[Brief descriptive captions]
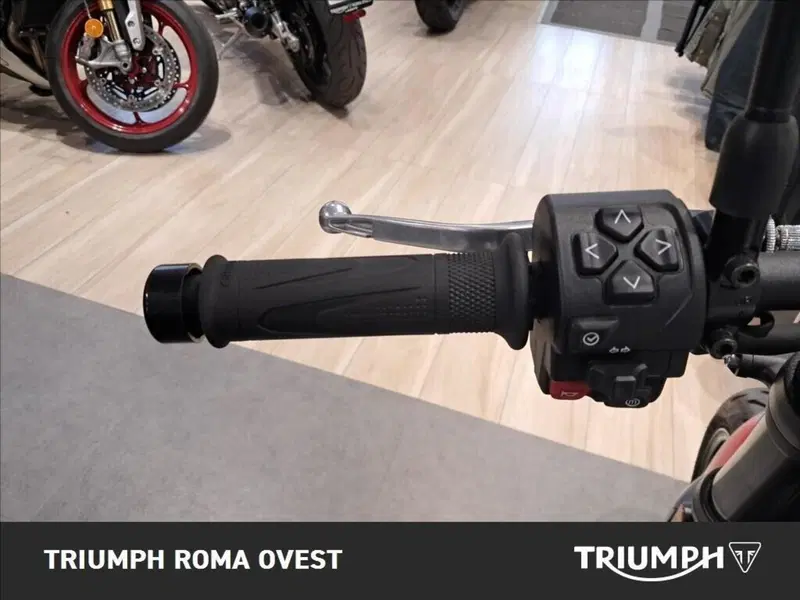 Triumph Trident 660 (2021 - 24) (9)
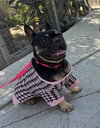 Moochi - Photo 4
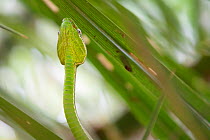 Taiwan green bamboo pit viper, (Trimeresurus stejnegeri) endemic species, Kenting National Park, Taiwan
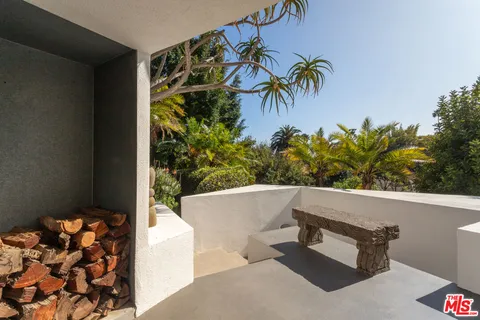 a view of outdoor space with plants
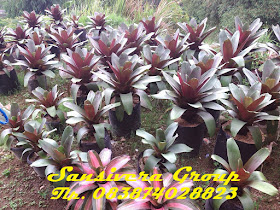 ANEKA BROMELIA BROMELIA-GIANT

* **Task objective**
Return all records exactly as they stand above, except for pictures.

* **Response for this exercise**
 Triumph Trident 660 (2021 - 24) (9)
 Moochi - Photo 4
 Taiwan green bamboo pit viper, (Trimeresurus stejnegeri) endemic species, Kenting National Park, Taiwan
 a view of outdoor space with plants
 ANEKA BROMELIA BROMELIA-GIANT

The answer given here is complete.